Mumbai: As director, power purchase, Tamil Nadu Electricity Board (TNEB), D.E. Shanmugam has to manage the utility company’s daily power needs.
Given that the state faces a deficit of around 8,000MW and has a long-term power purchase agreements for only 6,000MW, Shanmugam has to juggle around to buy 1,000-2,000 MW of power daily. Much of his day is spent on the phone, calling up generators and traders to find what is available in the day-ahead market. And, depending on the day’s situation, the price that he pays can vary between Rs2 per unit and Rs9 a unit, and this could go up to even Rs15 per unit of electricity on a bad summer day.
But all that is set to change soon. Once the Indian Energy Exchange (IEX)—the electronic online platform for open trading in electricity being set up by Financial Technologies (India) Ltd, under the aegis of the Central Electricity Regulatory Commission (CERC), comes up, Shanmugam says, the price of the electricity he buys will be rationalized.
Financial Technologies, which floated the Multi Commodity Exchange of India Ltd, India’s largest commodity exchange by volumes controlling around 75% of the commodity trade, holds 46% stake in the power exchange, and the state-owned power trading firm PTC India Ltd, holds a 26% stake in the exchange. Other stakeholders in the exchange include Tata Power Co. Ltd, Reliance Energy Ltd, Infrastructure Development Finance Co. Ltd, Lanco Infratech Ltd, the state-run Rural Electrification Corp. Ltd, and Adani Enterprises Ltd.
India’s other commodity exchange, the National Commodity and Derivatives Exchange Ltd, is also planning to set up a power bourse. IEX already has registered more than 50 members with 50 others currently undergoing the vetting process. “The power exchange will even out the price variations and ensure process of discovery, which is only the price of power,” said Joseph Massey, director, IEX. “The discounts on account of reputation for meeting payment targets, etc., will no longer be reflected in power price. The blind bids of today will be a thing of the past. The whole process of power purchase will become transparent.” But the exchange is not expected to be functional for another two months. Meanwhile, it is training the traders and the utilities and helping them set up the terminals and other back-end systems, including the payment systems.
Currently, 2.41% of the power produced in India is traded (15,000 million units (mu) of energy), most of it bilaterally or through traders such as PTC India who tie-up excess power from surplus generators and offer it to deficit states. The exchange is targeting to capture around 50% of this trade.
Power trading in India has been growing rapidly and over the past three years, between 2004-05 and 2006-07, it has grown from 11,846.53mu to 15,022.74mu. At the same time, price at which the majority of the trade takes place also has gone up.
For instance, in 2004-05, 87.61% of the power traded was in the Rs2-3 per unit range but by 2006-07, maximum quantum of power was being sold between Rs3-6 a unit.

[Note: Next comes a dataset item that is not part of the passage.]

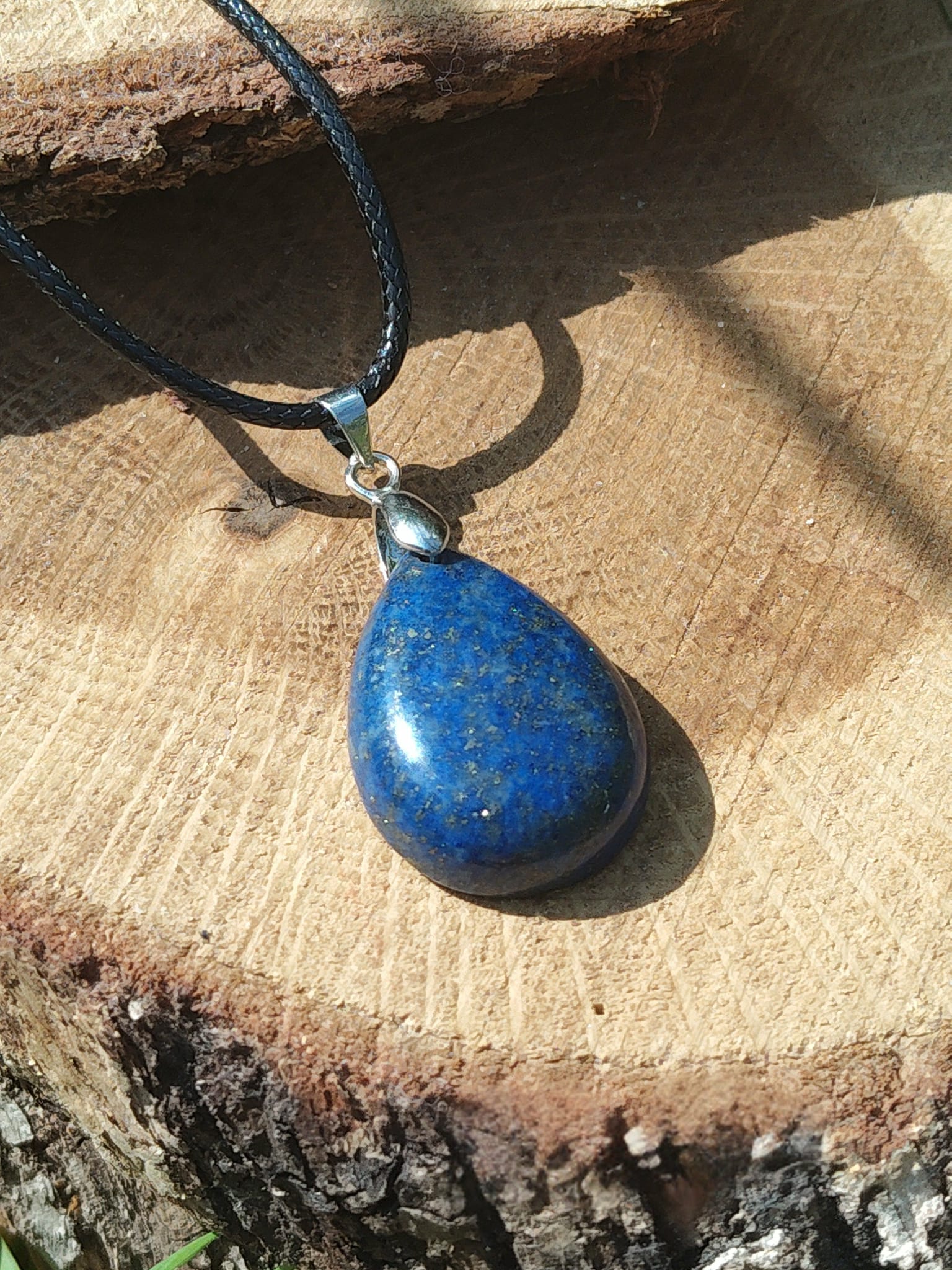 Pendentif goutte en lapis lazuli bleu posé sur rondin de bois, bijou lithothérapie évoquant la parole fluide, la présence d’esprit et le calme intérieur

The exchange will allow power distribution utilities such as Maharashtra Electricity Distribution Co. Ltd or Mahavitran, the power distribution company that distributes electricity in most of Maharashtra, to buy power at market discovered prices.

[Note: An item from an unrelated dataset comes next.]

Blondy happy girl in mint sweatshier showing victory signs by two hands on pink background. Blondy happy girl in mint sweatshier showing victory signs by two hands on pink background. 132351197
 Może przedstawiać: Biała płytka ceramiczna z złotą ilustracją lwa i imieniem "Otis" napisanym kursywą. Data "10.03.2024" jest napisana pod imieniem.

Initially, the exchange will provide day-ahead trades— that is, a utility can bid today for tomorrow’s requirements. This can be down in two ways —one is hour-by-hour trade round 24 hours, called single trades, and the second is block bids—bidding for a block of six hours.

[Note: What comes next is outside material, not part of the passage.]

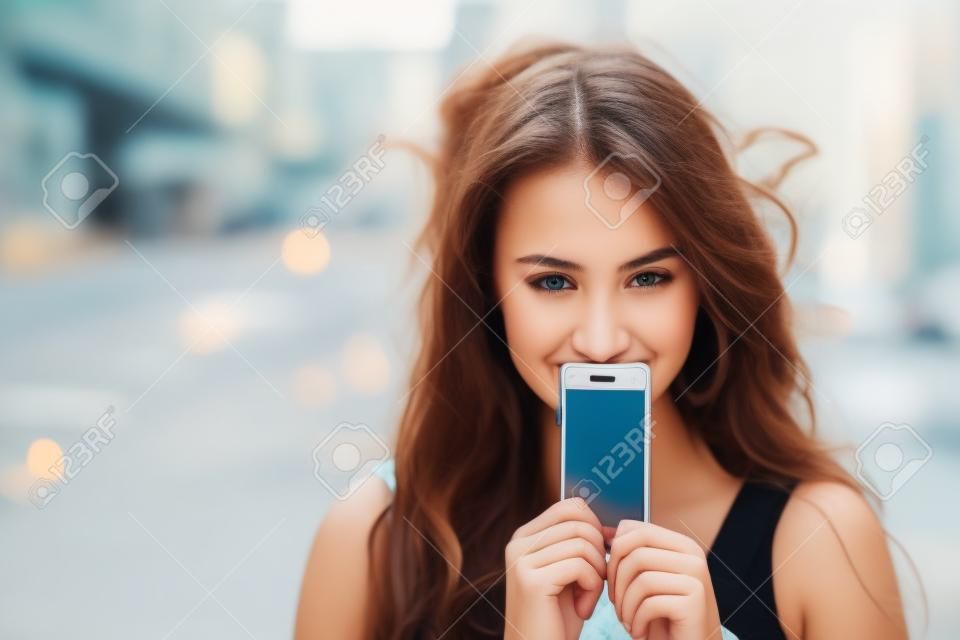 一个年轻女人在一个背景的夏天街道上覆盖她的屏幕智能手机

In either case, both the buyers and the sellers put in their bids for how much energy they plan to sell at what price or how much energy they are willing to buy at what price at any given hour. The same process is also applicable for block trades. The discovered price is the point where the two curves meet on the graph. For example, if a seller wants to sell 100 MW of energy at Rs5 a unit at 5pm, while there is a buyer who has put in bid for the same amount of electricity at the same price for that hour, then Rs5 is the discovered price of power for that hour.
Once the price is discovered, the exchange then notifies the national and regional load dispatch centres to allocate the required transmission corridors, while at the same time ensuring that the buyer makes payments into an exchange-controlled account. But payments will be released to the seller only after the power has been delivered.
“We are ensuring that all payment risks are mitigated with our counter-party guarantee,” said Massey. IEX has already tied up with HDFC Bank Ltd and Canara Bank for the purpose. According to government estimates, India currently faces a shortage of 70,000MW of power nationally, with the northern, western and southern regions being in deficit and the eastern and north-eastern regions being power surplus. However, there are pockets of occasional surpluses, which currently are not traded. “The exchange mechanism will allow all such pockets of surplus power to be traded,” said Ajay Bhushan Panday, managing director, Mahavitran.